##### GIVEN ENTRIES

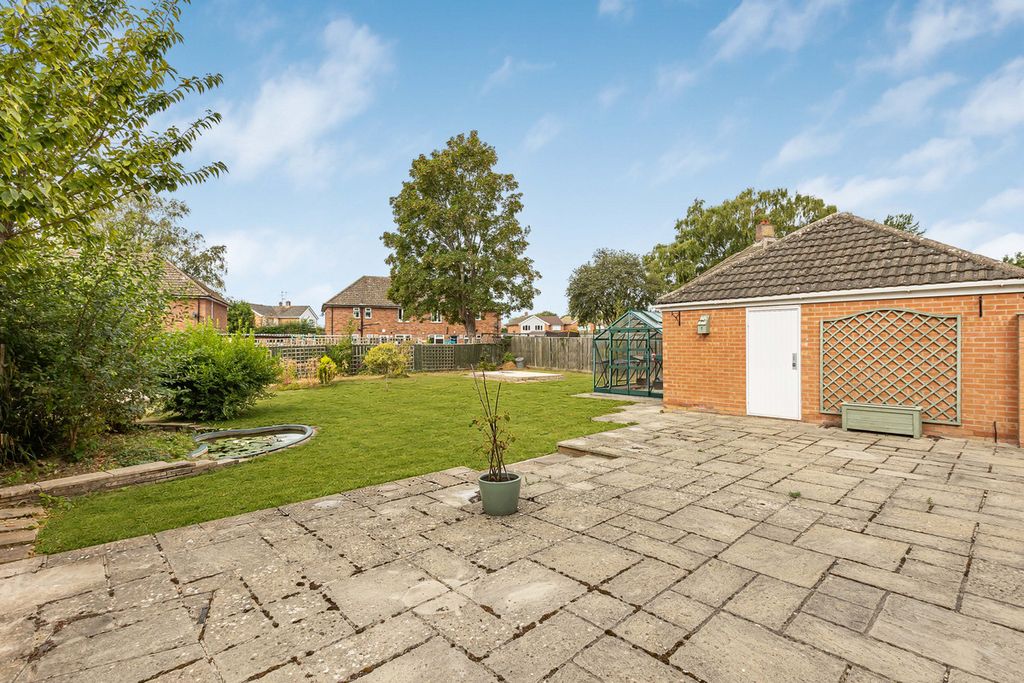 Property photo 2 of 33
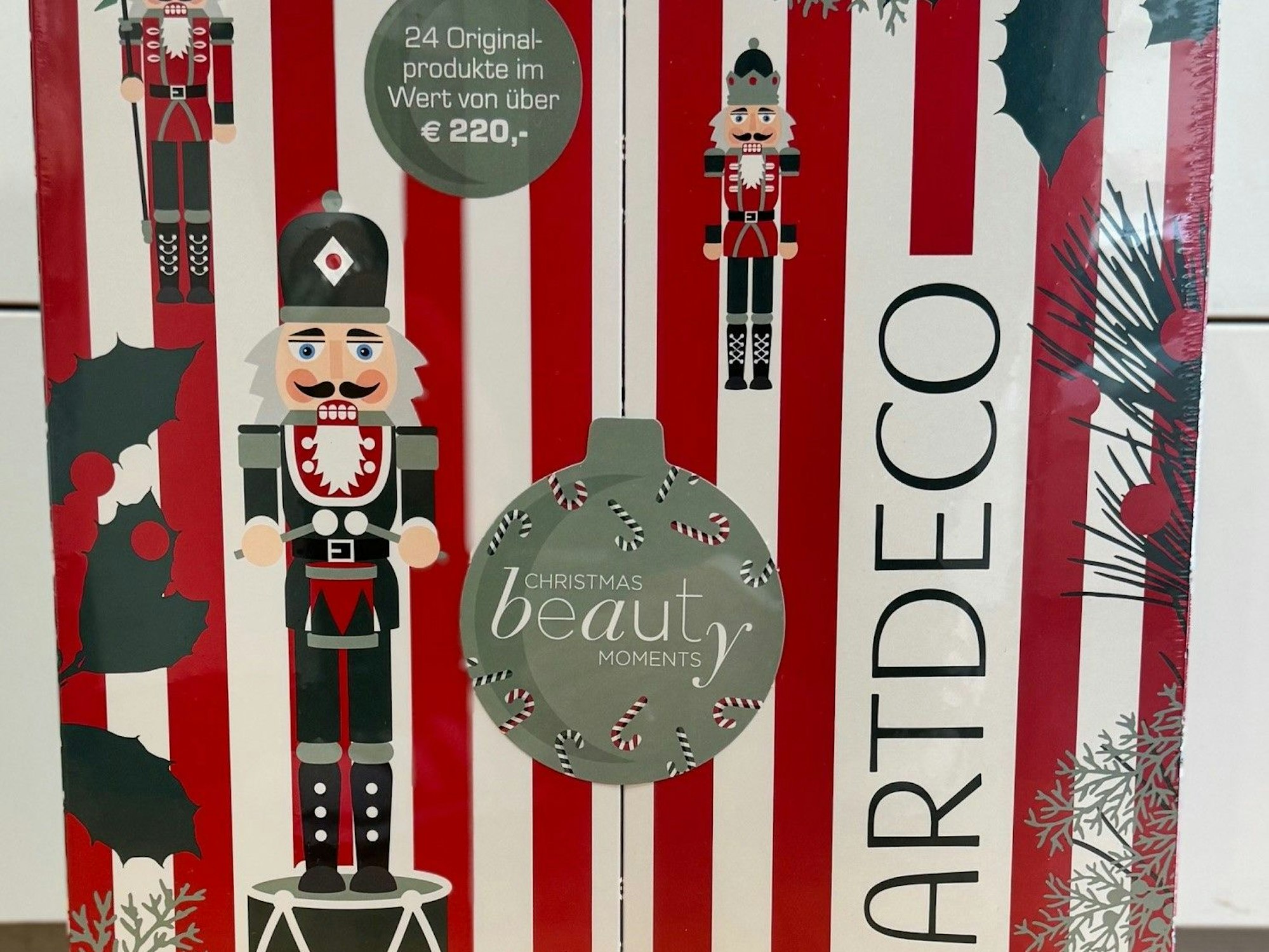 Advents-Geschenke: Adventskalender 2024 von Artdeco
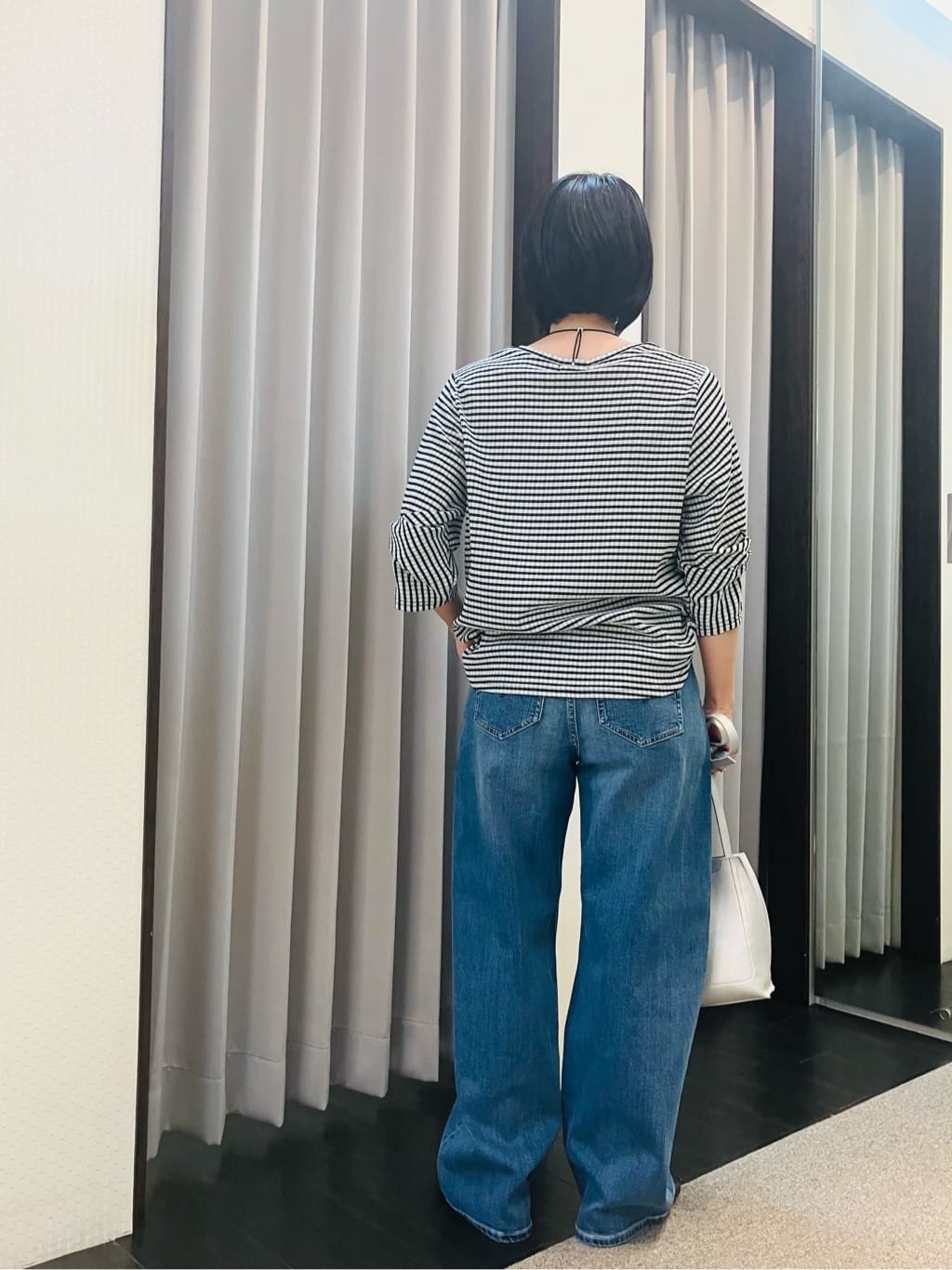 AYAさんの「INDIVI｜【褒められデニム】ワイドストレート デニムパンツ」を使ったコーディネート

##########
##### GIVEN ENTRIES

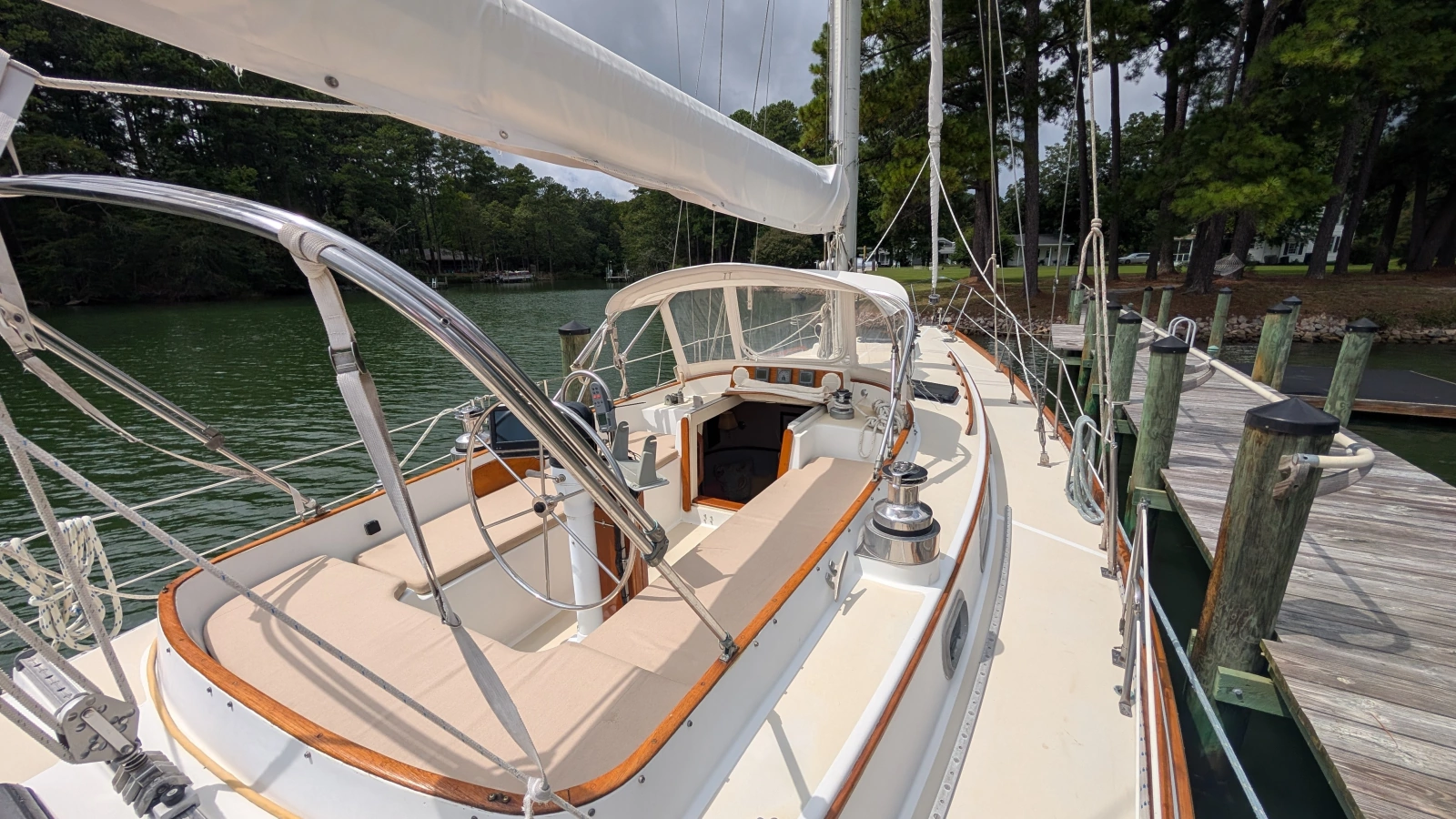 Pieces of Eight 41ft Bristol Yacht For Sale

##########
##### GIVEN ENTRIES

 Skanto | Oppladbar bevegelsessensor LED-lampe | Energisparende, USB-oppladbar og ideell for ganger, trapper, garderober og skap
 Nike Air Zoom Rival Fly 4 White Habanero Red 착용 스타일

##########

#### [HOW TO COMPLETE THIS TASK]
Those lines of the records above that run from the one containing "Property photo 2 of 33" through the one containing "AYAさんの「INDIVI｜" should be returned exactly, with no pictures among them.

#### [ANSWER SPACE]
 Property photo 2 of 33
 Advents-Geschenke: Adventskalender 2024 von Artdeco
 AYAさんの「INDIVI｜【褒められデニム】ワイドストレート デニムパンツ」を使ったコーディネート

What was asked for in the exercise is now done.